Everything must enshittify.

[–] [email protected] 23 points 1 week ago (4 children)

Have link shorteners ever not been shitty? It obfuscates a link for the sake of making things look pretty for people who can't format text

[–] [email protected] 19 points 1 week ago (1 children)

Link shorteners have absolutely been useful when you need to go to a long URL on a entirely different device you can't copy a link to easily.

I've used them to make it easy to get to scripts.

[–] [email protected] 0 points 1 week ago (2 children)

QR codes mostly solved that.

[–] [email protected] 9 points 1 week ago (1 children)

Not when you are working in a CLI

[–] [email protected] 1 points 1 week ago (1 children)

Your comment prompted me to search and I found this util: https://github.com/fumiyas/qrc

Obviously results in a larger ASCII blob than a shortened URL, but would allow use on any terminal.

[–] [email protected] 1 points 1 week ago

It's the other way around, I need to get long links to the CLI

[–] asap 3 points 1 week ago

Shortening the URL makes it possible to have significantly lower resolution QR codes, which is almost always more useful. Able to be rendered on more mediums, able to be read with lower quality readers.

[–] [email protected] 12 points 1 week ago

Service-specific link shorteners are alright, like youtu.be, a.co and goo.gl/maps. At least know roughly where you're going.

For anything else, I rather see the full URLs, and if I need to share a link on a paper medium, I also make it available in a QRcode form.

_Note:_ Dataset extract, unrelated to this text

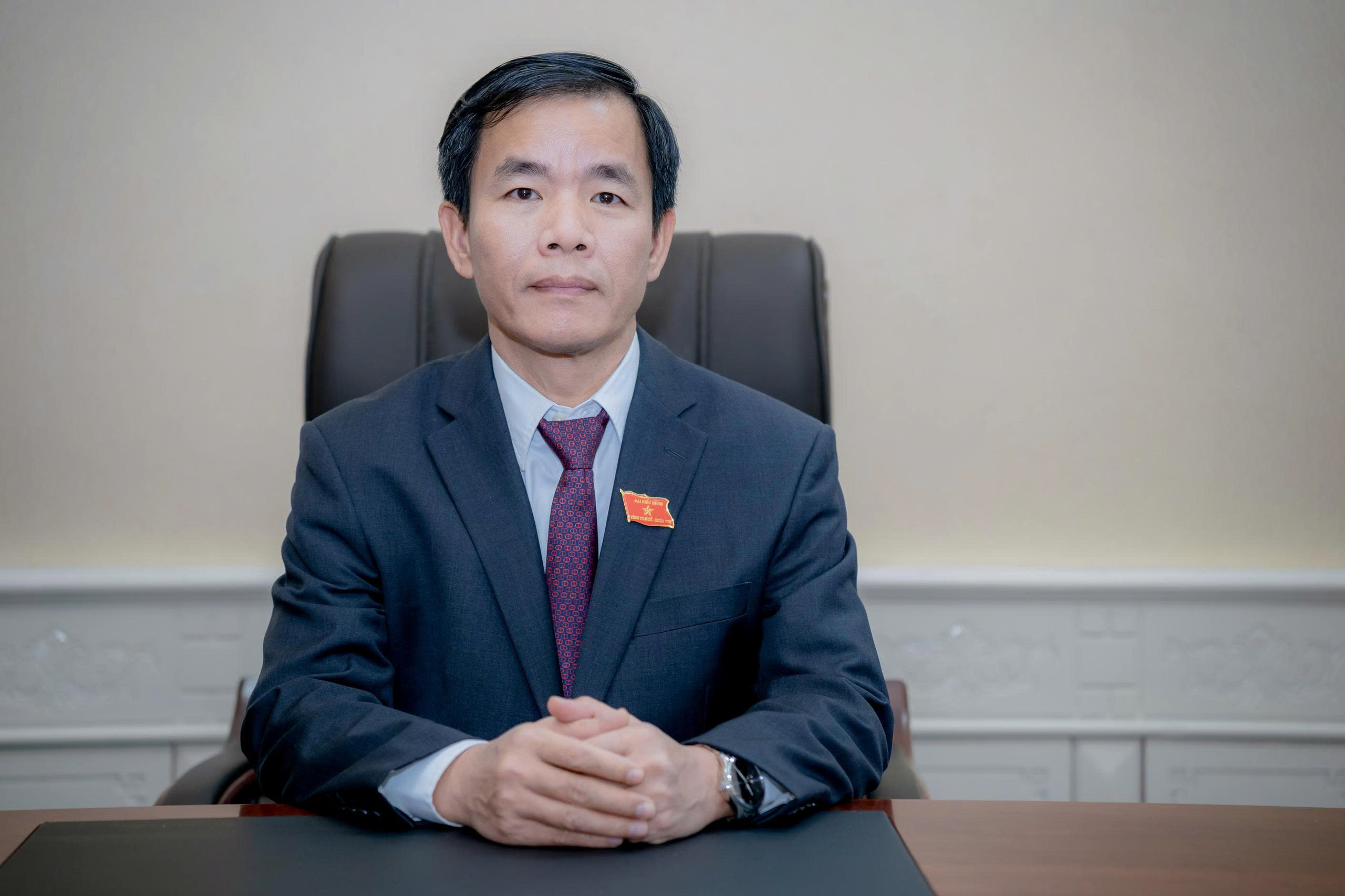 Ông Nguyễn Văn Phương được bầu giữ chức Bí thư Thành ủy Huế- Ảnh 1.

[–] [email protected] 10 points 1 week ago (1 children)

IIRC, they originally became popular because they saved characters for microblogs like Twitter. They've outlasted their usefulness though.

[–] pirat 4 points 1 week ago

I think some used them to gain insight in clicks (bit.ly provided stats for numbers, user agents etc.), and to track the origin of clicks by generating a unique shortened URL for each linking post.

Also, the obvious use case of turning a long direct URL to a file into something people can actually be bothered to manually copy from paper...

[–] [email protected] 4 points 1 week ago

When it comes to email I just have my server reject any containing links that point to URL shorteners. I’m not stupid enough to click them anyway but it’s safe to assume you’re just a scammer or some other lowlife, even if you’re otherwise considered a reputable business.

[–] [email protected] 22 points 1 week ago

Laughs in Ublock Origin

[–] [email protected] 10 points 1 week ago

Shocking. That's what we get for expecting companies to be benevolent stewards of the internet. They tricked us for a decade and a half but the sheep's clothing are coming off.

[–] [email protected] 8 points 1 week ago

I haven’t seen a Bitly link in dog’s years and assumed it had died.

[–] [email protected] 5 points 1 week ago (1 children)

Host your own URL shortener with Yourls. It's great, loads of useful plugins too. (dot)ink domains are cheap so you can have fun with namel.ink like I did.

[–] [email protected] 9 points 1 week ago (1 children)

Or just don’t shorten links? Shortening them just makes linkrot much more likely and also obfuscates where theyre going

[–] [email protected] 4 points 1 week ago

I’ve had these losers DNS blocked for years. Don’t respond to abuse reports? Get NXDOMAIN’d.